In the beginning, we [Energica] were going a little too fast, actually. Because we were in front of all the others [EV motorcycle manufacturers] and when you are out in front, all the others are chasing you, and if you don’t have enough investment, you will get overtaken, despite still being the best.


So, Ethan, from your side how easy was it to put pen to paper and sign the deal with Energica?

Ethan Walfish

For us, it is nearly too good to be true. Ideanomics is trying to build a platform for EV, just to be able to partner with them and help build up the two-wheeler segment. To take that battery technology, maybe leverage it in other places… It really gives us the benefit to take high-end technology a leader in the market and apply that to other places. It gives us broader exposure to the European market as well. Overall, we are excited to be working with Livia and the team and see where this partnership goes.


So, is it fair to say that there is more to this relationship between you both than just electric motorcycles?


Who knows?!


I’ll take that as a maybe…

Europe is now considered to be one of the most important markets for EVs and it also seems to be a global centre for EV tech, we have Triumph, Harley-Davidson, Kawasaki, all joining the electric motorcycle field.

How does that make you feel as the market leader in two-wheeled premium electric motorcycles?


It’s exactly what happened to Tesla when you are alone, you have no competition, but the market is very small. When you are alone, you aren’t a real market. When you start to have competitors, the final users realise it is becoming a real market and it begins to grow much quicker.

Petrol motorcycles have many brands and big sales, in the electric market, there is room for anyone, and we are the leaders now. The goal here is to keep the leadership and to stay in that position, so once the market grows, we keep the same percentage of this larger segment.

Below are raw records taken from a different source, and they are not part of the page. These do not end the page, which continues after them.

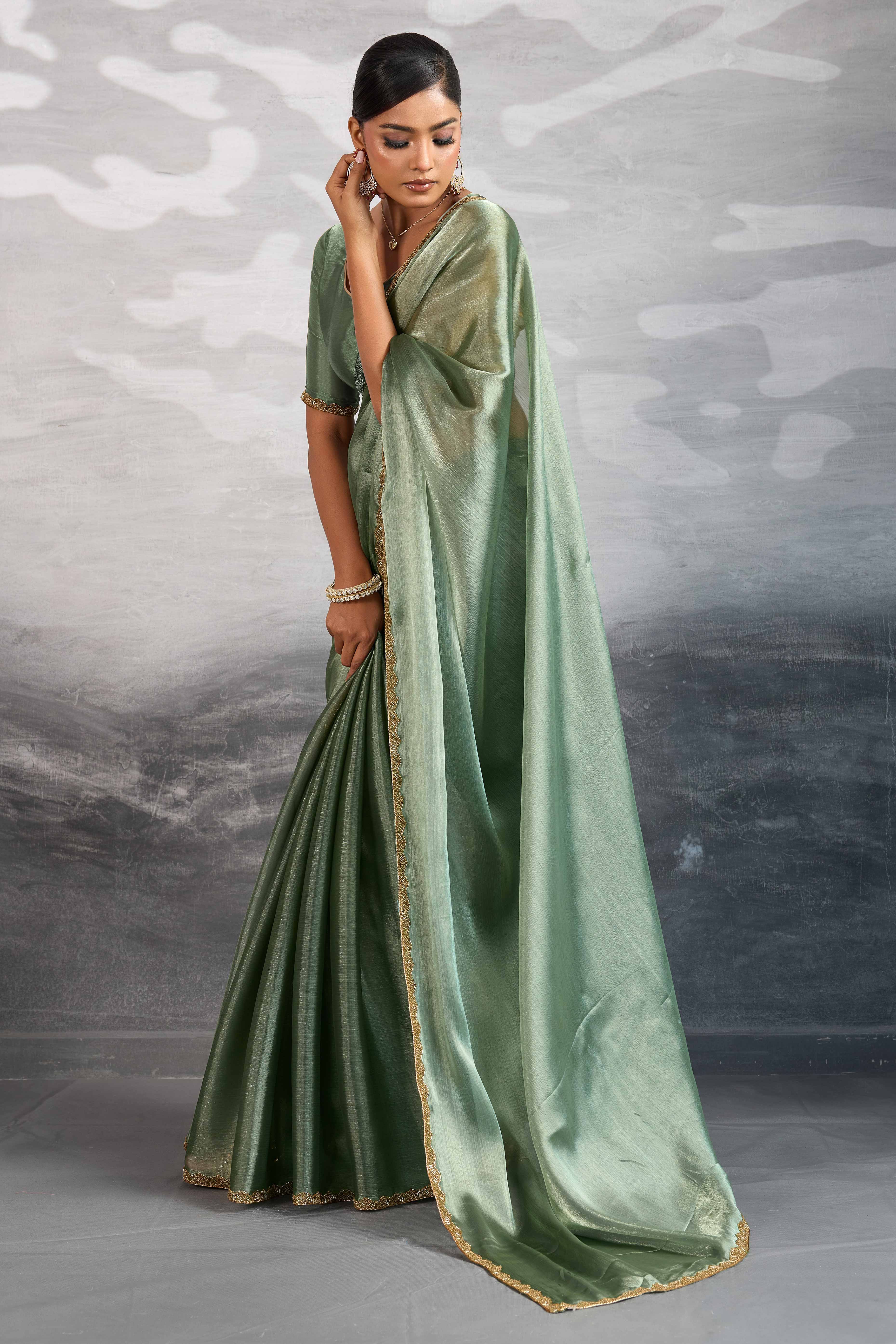 Solid Sage Green Chiffon Saree Featuring Beads Embellished Border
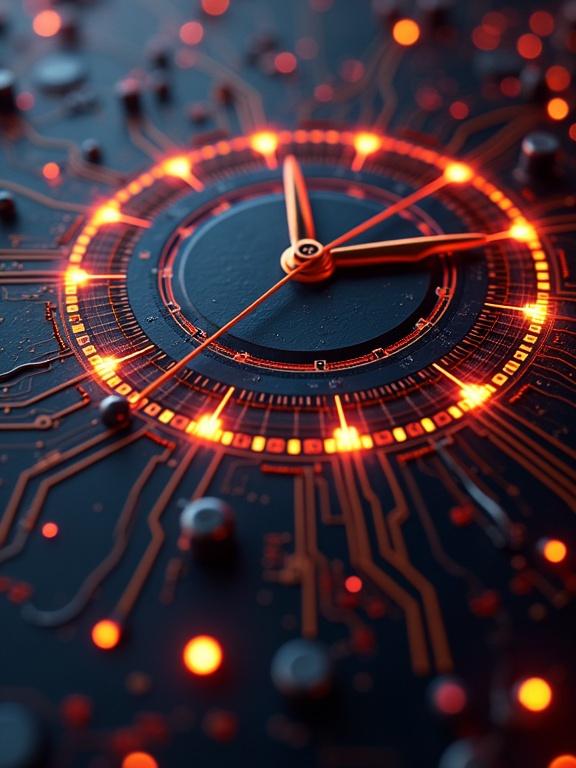 Futuristic design with close-up view of a glowing circuit board resembling a clock face
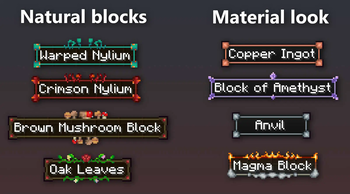 Tooltips for natural blocks and material blocks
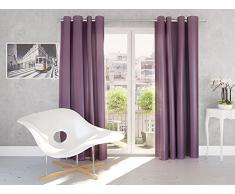 Splendid Silk - Tenda con Occhielli, 140 x 245 cm, Colore: Viola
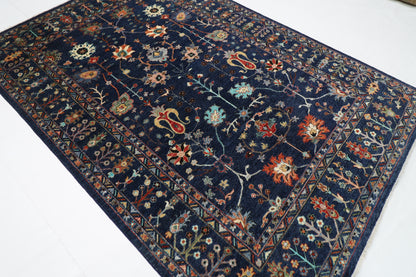 202 x 295 cm | Sultani Blue Afghan Hand Knotted Carpet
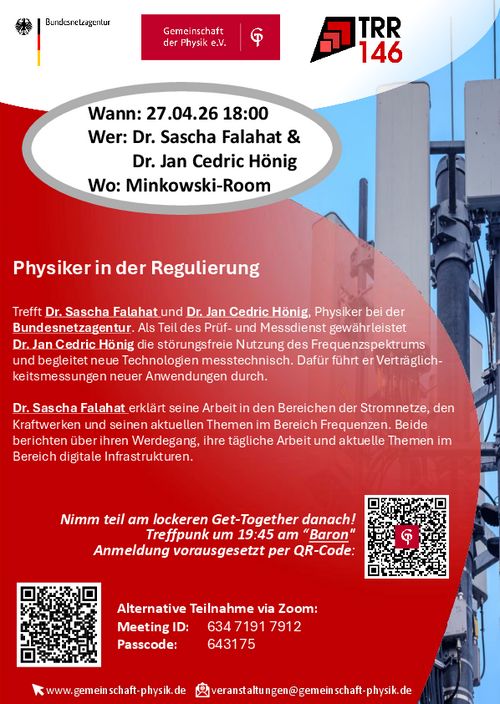 Poster für den Berufsvortrag: Physiker in der Regulierung. QR-Codes zu einem lockeren Get-Together und einer Alternativen Teilnahme via Zoom.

Then together with Ideanomics, we can have a bigger slice of the cake as we can work in other kinds of vehicles, sectors and segments of the same market.

Recharging in 15-minutes is ‘just around the corner’…


A lot of Visordown’s readers are waiting for this tipping point where the range of an electric bike and the recharge time is on a par with a petrol motorcycle – 140-miles and recharging in 10-15 minutes. We aren’t quite there yet, how far off are we?

Giampiero Testoni – Chief Technical Officer – Energica:

From a technical point of view, charge, and range, let’s say that charging, we believe we were one of the first to believe in fast charging. Of course, there was already a Japanese standard, but we were the first to start on a European standard, enabling charging to 80 percent in half an hour. In real use, when you stop for refuelling, you go and drink some coffee, 20-minutes, it’s very easy to reach that target.

The technology for rapid charging is already there, the battery cells that are already capable to charge in 15-minutes, some technology for seven to ten minutes. The 15-minutes to 85% is just around the corner. And then the refuelling in five minutes to recharging in 15-minutes, the difference then is very small.

And on the other side, range. On a motorcycle, you can’t have that huge space for batteries. Now we have the 21.5kWh batteries, this is very close to what a petrol motorcycle does in real use.